Le deuil n’est pas une faiblesse. C’est une réponse humaine, normale et nécessaire à toute perte significative. Mais normale ne veut pas dire facile. Et cela ne veut pas dire qu’il faut le traverser seul.

Ce qu’on appelle le deuil

On pense souvent au deuil uniquement comme à la mort d’un proche. C’est vrai, et c’est souvent la perte la plus dévastatrice. Mais le deuil prend bien d’autres formes :

  • Le deuil après un décès : perte d’un parent, d’un conjoint, d’un ami, d’un enfant.
  • Le deuil périnatal : fausse couche, mort in utero, interruption médicale de grossesse. Des pertes souvent invisibles socialement, mais profondément douloureuses.
  • Le deuil de séparation : divorce, rupture amoureuse, fin d’une amitié importante.
  • Le deuil professionnel : licenciement, reconversion forcée, retraite vécue comme une perte d’identité.
  • Le deuil d’une vie imaginée : la maternité qui ne vient pas, le projet qui s’effondre, la santé qui change.

Chacune de ces pertes mérite d’être reconnue. Je ne hiérarchise pas les douleurs.

Les signaux qui méritent attention

Le deuil suit son propre rythme. Mais certains signaux indiquent qu’un soutien professionnel pourrait être utile :

  • Les pleurs ou la tristesse ne s’allègent pas après plusieurs semaines ou plusieurs mois.
  • Vous avez du mal à reprendre vos activités quotidiennes, votre travail, vos relations.
  • Vous vous isolez, vous évitez tout ce qui rappelle la personne ou la situation perdue.
  • Vous ressentez une culpabilité intense, ou une colère qui ne passe pas.
  • Vous avez des troubles du sommeil ou de l’appétit persistants.
  • Vous avez l’impression que la vie n’a plus de sens.

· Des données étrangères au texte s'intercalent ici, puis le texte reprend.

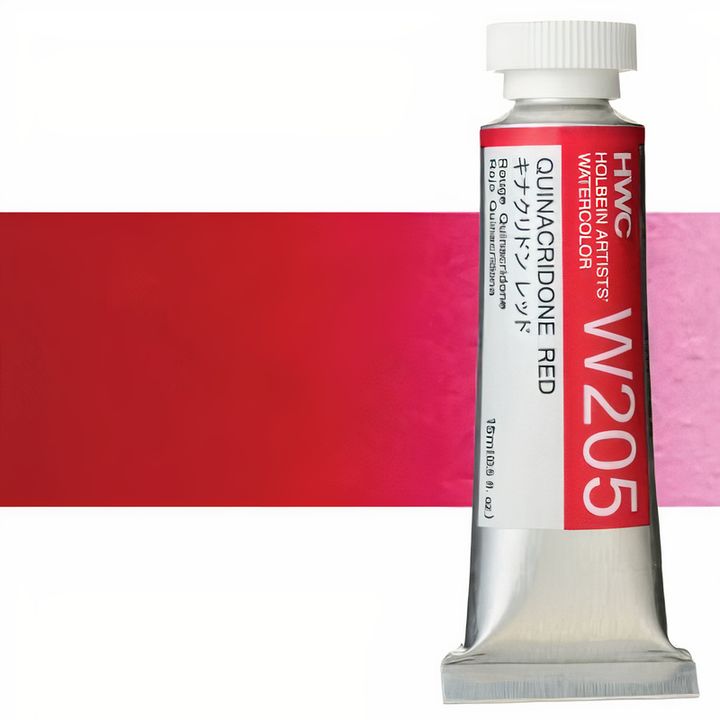 Profesionalne akvarelne barve Holbein Artists 15 ml | rdeči odtenki — slika 3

Ces signaux ne signifient pas que vous faites mal votre deuil. Ils signifient simplement que vous portez quelque chose de lourd, et qu’un espace pour le déposer pourrait vous aider.

Comment la thérapie humaniste accompagne le deuil

La thérapie humaniste part d’un principe que je porte depuis le début de ma pratique : chaque personne porte en elle des ressources. Mon rôle n’est pas de vous réparer, ni de vous dire comment vous devriez vous sentir. C’est de créer un espace sûr où vous pouvez traverser ce que vous traversez, à votre rythme.

Mon approche concrète

Après dix ans dans le travail social, auprès de femmes en situation de violence, de familles en grande vulnérabilité, de personnes traversant des ruptures brutales, j’ai appris une chose : on ne se reconstruit pas sous la pression. On se reconstruit quand on se sent vu, entendu et respecté dans sa douleur.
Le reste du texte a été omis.